About this task: Could you reproduce the lines below from the one with "Cascada y estanque en un jardín frondoso" through the one with "Rhododendron Cabin |"? Keep both ends and add nothing.

Records to process:
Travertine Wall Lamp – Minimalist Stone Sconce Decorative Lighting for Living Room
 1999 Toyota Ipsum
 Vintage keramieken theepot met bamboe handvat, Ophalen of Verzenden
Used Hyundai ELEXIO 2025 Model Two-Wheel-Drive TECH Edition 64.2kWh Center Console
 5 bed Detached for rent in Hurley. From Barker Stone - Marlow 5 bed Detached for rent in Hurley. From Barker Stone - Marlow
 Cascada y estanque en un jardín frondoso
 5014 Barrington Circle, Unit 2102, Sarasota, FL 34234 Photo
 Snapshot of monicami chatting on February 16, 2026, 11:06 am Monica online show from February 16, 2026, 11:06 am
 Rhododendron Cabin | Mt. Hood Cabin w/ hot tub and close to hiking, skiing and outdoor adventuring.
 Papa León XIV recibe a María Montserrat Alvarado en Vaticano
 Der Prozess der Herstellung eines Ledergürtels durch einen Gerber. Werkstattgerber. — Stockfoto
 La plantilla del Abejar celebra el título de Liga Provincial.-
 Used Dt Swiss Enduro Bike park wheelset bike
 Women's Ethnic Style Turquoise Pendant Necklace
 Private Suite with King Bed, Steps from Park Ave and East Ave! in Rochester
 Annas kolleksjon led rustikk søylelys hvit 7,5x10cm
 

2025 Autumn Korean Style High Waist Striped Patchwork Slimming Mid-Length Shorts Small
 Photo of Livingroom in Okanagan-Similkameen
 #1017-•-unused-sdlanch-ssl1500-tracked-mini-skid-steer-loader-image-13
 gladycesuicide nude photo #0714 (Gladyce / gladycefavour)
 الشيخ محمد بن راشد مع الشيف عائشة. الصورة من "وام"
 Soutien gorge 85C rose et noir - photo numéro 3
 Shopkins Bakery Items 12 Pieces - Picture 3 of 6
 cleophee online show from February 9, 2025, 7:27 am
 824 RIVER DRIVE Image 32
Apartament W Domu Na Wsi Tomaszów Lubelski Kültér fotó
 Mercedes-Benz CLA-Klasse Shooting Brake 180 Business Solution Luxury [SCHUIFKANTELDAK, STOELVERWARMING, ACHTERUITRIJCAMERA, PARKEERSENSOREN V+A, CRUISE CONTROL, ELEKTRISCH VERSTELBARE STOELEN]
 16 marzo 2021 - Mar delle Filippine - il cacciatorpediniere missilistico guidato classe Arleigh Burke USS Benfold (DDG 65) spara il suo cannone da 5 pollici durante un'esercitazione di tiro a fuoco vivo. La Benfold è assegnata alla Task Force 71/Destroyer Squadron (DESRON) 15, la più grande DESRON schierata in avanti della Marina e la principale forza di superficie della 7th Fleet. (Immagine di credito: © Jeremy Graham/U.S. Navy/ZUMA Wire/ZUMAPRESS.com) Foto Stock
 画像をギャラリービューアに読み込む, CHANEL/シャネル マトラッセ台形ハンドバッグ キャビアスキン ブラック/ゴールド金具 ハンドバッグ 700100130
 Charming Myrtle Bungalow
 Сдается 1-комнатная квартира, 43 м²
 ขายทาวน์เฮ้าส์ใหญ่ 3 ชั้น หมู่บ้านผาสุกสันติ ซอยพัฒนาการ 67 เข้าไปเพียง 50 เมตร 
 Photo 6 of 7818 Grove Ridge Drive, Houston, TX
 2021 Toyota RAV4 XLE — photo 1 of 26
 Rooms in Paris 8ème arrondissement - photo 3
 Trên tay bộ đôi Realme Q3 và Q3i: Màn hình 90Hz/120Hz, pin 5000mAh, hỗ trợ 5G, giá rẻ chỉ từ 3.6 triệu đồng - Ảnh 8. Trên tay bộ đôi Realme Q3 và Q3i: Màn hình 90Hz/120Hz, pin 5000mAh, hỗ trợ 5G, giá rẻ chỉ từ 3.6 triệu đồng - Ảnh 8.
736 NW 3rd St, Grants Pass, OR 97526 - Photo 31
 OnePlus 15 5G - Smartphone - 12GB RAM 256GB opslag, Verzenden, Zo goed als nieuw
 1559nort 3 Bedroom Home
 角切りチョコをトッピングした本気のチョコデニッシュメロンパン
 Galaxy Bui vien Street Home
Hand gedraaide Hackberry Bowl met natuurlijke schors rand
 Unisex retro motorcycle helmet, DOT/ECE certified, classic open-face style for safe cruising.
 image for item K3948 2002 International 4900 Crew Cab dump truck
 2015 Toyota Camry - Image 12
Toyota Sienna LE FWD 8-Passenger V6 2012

Result:
 Cascada y estanque en un jardín frondoso
 5014 Barrington Circle, Unit 2102, Sarasota, FL 34234 Photo
 Snapshot of monicami chatting on February 16, 2026, 11:06 am Monica online show from February 16, 2026, 11:06 am
 Rhododendron Cabin | Mt. Hood Cabin w/ hot tub and close to hiking, skiing and outdoor adventuring.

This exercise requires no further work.